In other words, debt ... not unemployment or inflation ... was suddenly the primary problem, even though 70 years of a growing, stable economy, even when debt was very high (many times higher than it is today as a percentage of GDP) seemed to say conclusively that the real problem in any recession was unemployment, not debt.

But that was exactly what people who yearn for a small government wanted to hear, so even though it wasn't true, that became much of the world's economic focus since the paper was released in the US and in Europe.  (China's problem is how to "starve" their recession a little bit while keeping their workers working.) Paul Ryan's "Pathway to Prosperity" budgets, part one, two, and three, are based on this erroneous notion.  The European austerity model is based on it. 

And now, three years later, someone finally got around to peer reviewing this paper, and discovered that the Reinhart and Rogoff numbers couldn't be replicated.  And finally, Reinhart and Rogoff offered to share their spreadsheets.
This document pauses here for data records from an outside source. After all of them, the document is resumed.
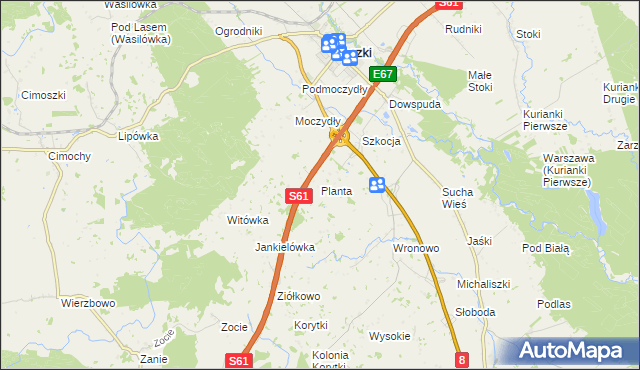 mapa Planta gmina Raczki, Planta gmina Raczki na mapie Targeo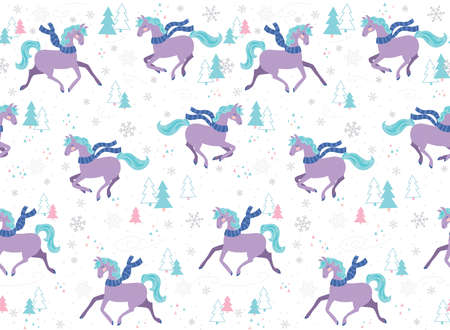 Snow Horses Seamless Vector Patternのイラスト素材
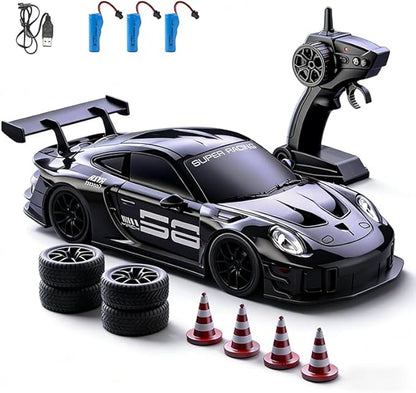 2.4GHz RC Drift Car 1:20 Scale Remote Control Car with LED Lights 4WD High Speed RC Vehicle Gift for Adults Racing &amp Drifting Tires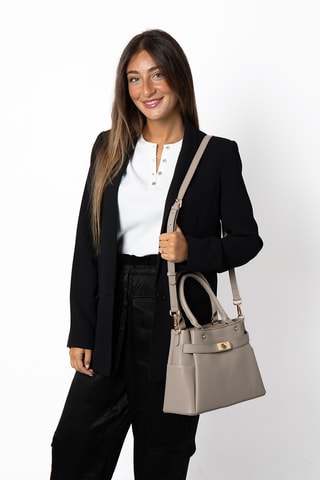 Sac à main en croûte de cuir Naila - Taupe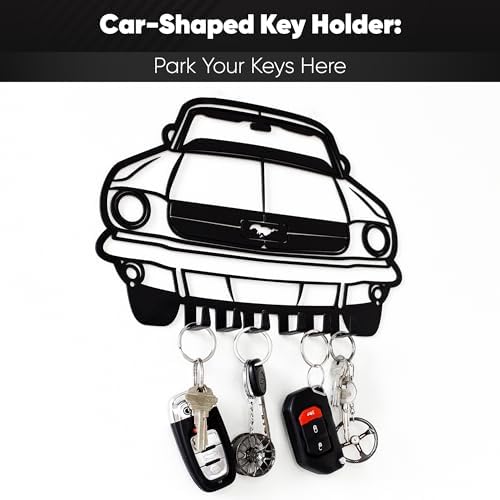 MOOH Metal Automotive Key Holder with 6 Hooks - Unique Wall Mounted Car Lovers Gifts for Men & Women - Cool Man Cave Decor - Image 2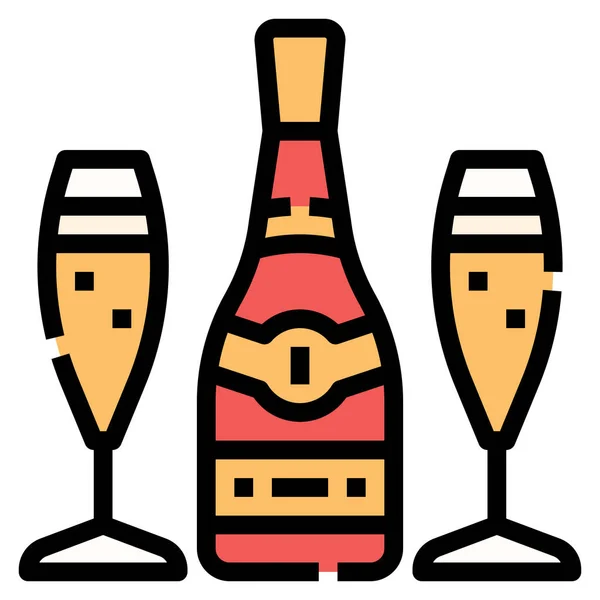 Champagne Vin Glas Ikon — Stock vektor
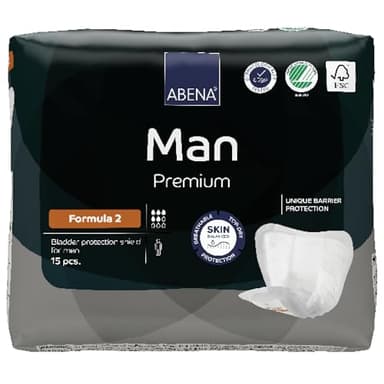 Abena Man Formula 2 Incontinence Pads for Men, Eco-Labelled Mens Incontinence Pads, Extra Protection, Breathable & Comfortable with Fast Absorption, Discreet - 700ml Absorbency, 15PK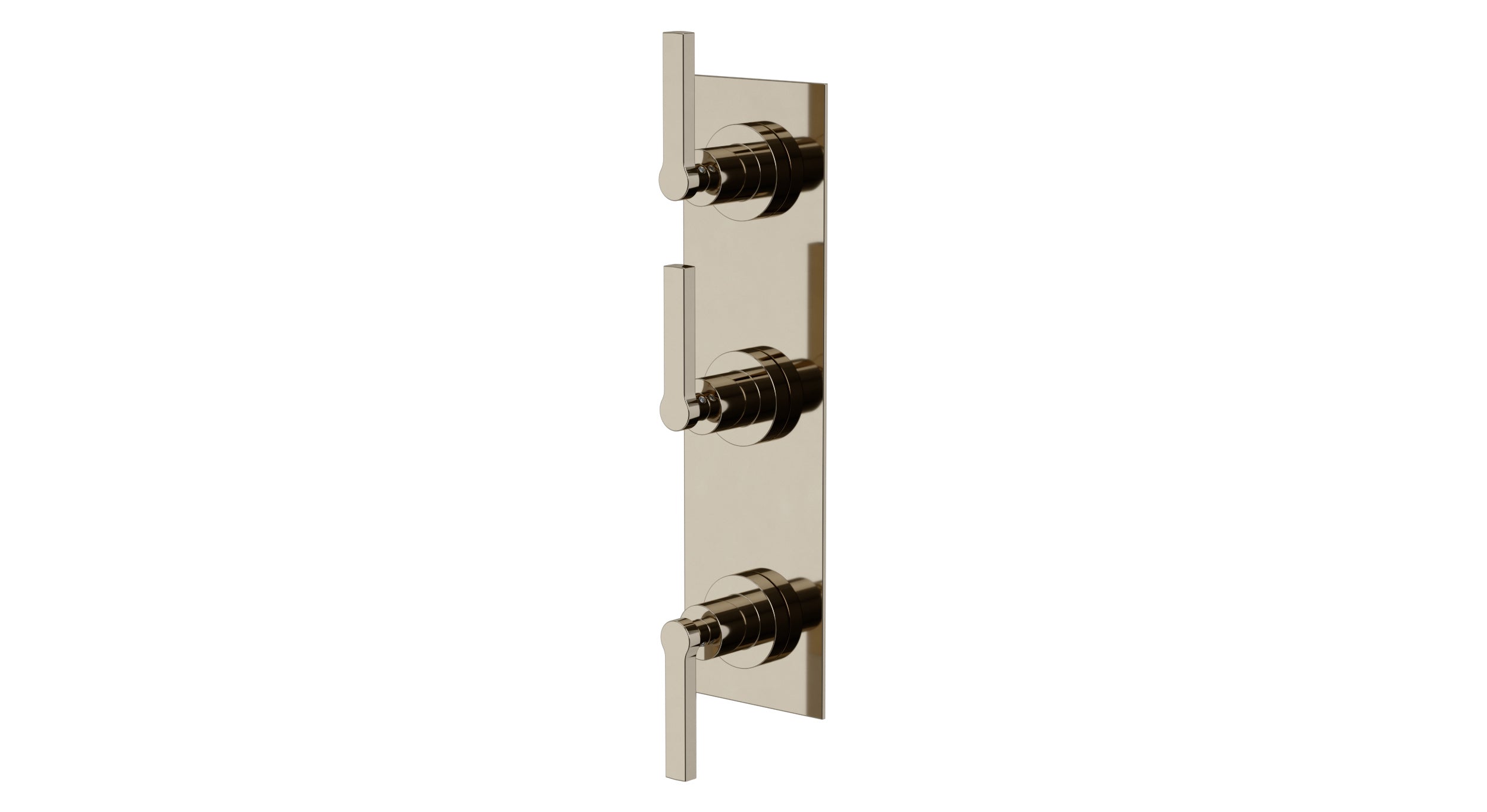 Flatiron Three Handle Wall Mount Shower Trim with Linear Lever Handles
A surprise awaited the replicating teams.

There were three main problem with the original research. First, Reinhart and Rogoff selectively excluded years of high debt and average growth. Second, they used a debatable method to weight the countries. Third, there also appeared to be a coding error that excluded high-debt and average-growth countries. All three bias in favor of their result, and without them you don't get their controversial result.

In short, austerity doesn't work to cure recessions.  It makes a recession worse, as much of Europe is learning to its sorrow.  Will Congress learn that as well? Or will ideology trump common sense?